Photoshop For Beginners – the 6 Most Important First Steps

Most people want to do special effects with Photoshop but like all tools capable of advanced work, it pays to get the essential basics under your belt first.

Here is my recommended list of the 6 basic essentials any Photoshop beginner should learn:

1. Learn the Image Analysis Tools – The Histogram, The Eyedropper and The Info Palette

These three tools provide you with essential information about your image or photograph. The Histogram will tell you everything you need to know about the exposure of the photograph, whether it is under or over exposed, and the tonal range. The Eyedropper tool will give you valuable information about the colours in the image; especially if there is a colour cast (a colour cast is an undesirable overall dominant colour) you need to correct. The Info palette (or window) will provide numerical feedback when using the eyedropper and also when using other tools. This is an important reference for advanced work so is worth getting to know at the start.

2. Learn How to Straighten a Tilted Image – Use the Ruler to Find the Angle of Tilt

Learning to use the Ruler tool will allow you to determine precisely the angle of a tilted horizon and this can then be used with the Rotate canvas command to rapidly correct a tilted image. No guesswork needed! With so many people using cameras with only viewing screens at the back rather than a proper viewfinder, it has become all to common for pictures to come out of the camera with a severe tilt to them. Learning to use the ruler and rotate canvas combination makes correcting these pictures really easy!

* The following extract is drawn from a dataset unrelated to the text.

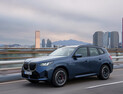 BMW코리아, 노후차 말소 시 30만원 상당 추가 혜택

3. Learn to Crop the Picture – Use the Crop Tool

Cropping is the process of removing anything from around the edges of a photo that does not add to the impact of the photo. The Crop tool should be learned next since cropping is a very important creative process. There are very few photos that cannot benefit from being cropped. Too many Photoshop beginners just accept the content of the photo as it came from the camera without thinking about whether the picture can be improved visually by cutting away unnecessary edges. The additional benefit of cropping the picture early is that you also reduce the file size which makes further changes to the image run much faster since you are using less memory and disk space.

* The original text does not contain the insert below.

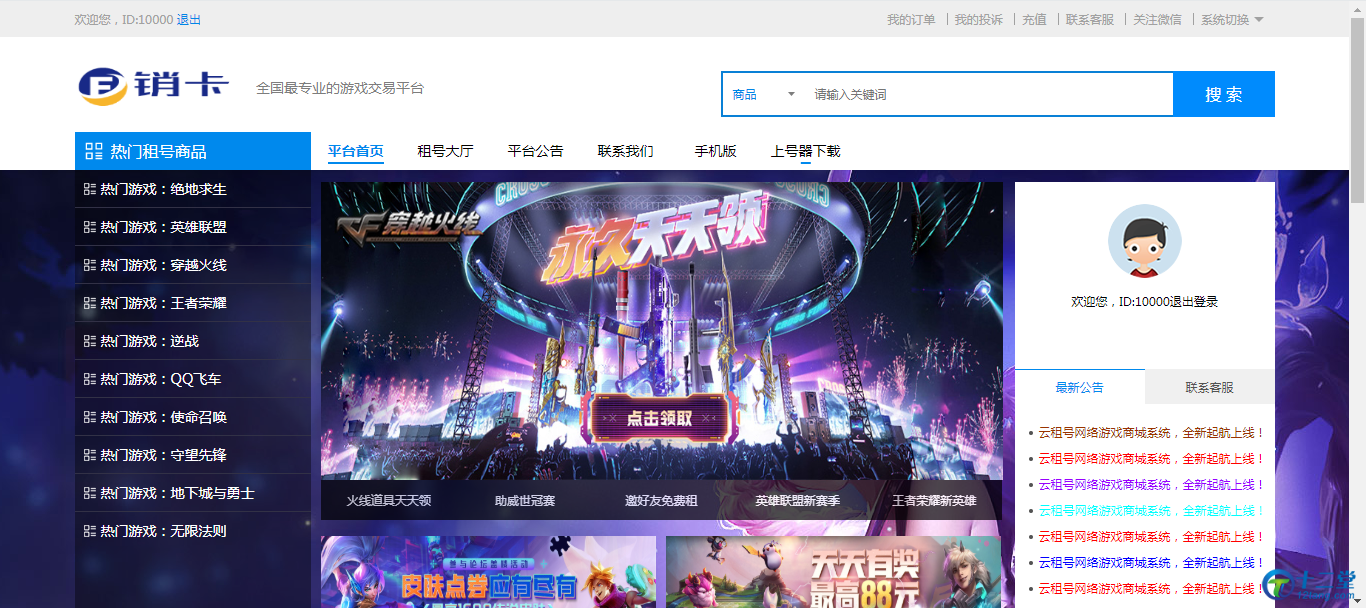 【销卡】价值9800元的销卡游戏账号交易完美商业系统平台 修复无错版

4. Learn to Remove Dust Marks and Blemishes – Use the Healing Brush and the Clone Stamp Tools

Even with modern sensor cleaning built-in, you may find your image contains dust marks or other blemishes. These will often be seen in areas of smooth tone such as a clear sky. These should be removed using the Healing Brush tool, especially useful on smooth colour and tones like skies, and the Clone Stamp tool. The Clone Stamp tool is essential for removing or correcting areas of detail which the Healing Brush tool quite often just messes up. Get a grip on these two important tools quickly so you can really clean up your important images.

5. Learn to Correct the Tonal Values – Use the Levels Command

The next logical step is to correct any exposure problems or tonal range issues. If the picture is too dark or light now is the time to correct it. To do tonal corrections you need to learn to use the Levels command. The levels command uses a histogram to show the tones so your previous learning from Step 1 above will really help you now. I told you it was a logical learning sequence!

6. Learn to Remove Colour Casts – Use the Colour Balance Command

Although modern cameras make a reasonable job of interpreting the colour of light reaching the sensor, they also often get it wrong which results in a photo with an obvious dominant colour. This is known as a colour cast and needs to be removed using the Colour Balance command. Once a dominant colour has been corrected you are ready to make more creative colour enhancements if desired.
There you have the six most important things for a Photoshop beginner to learn. Each of these steps can be mastered quite quickly and the knowledge gained will provide a solid foundation for all your future Photoshop work; whether you just want to improve a family snap or produce an advanced special effects work of art.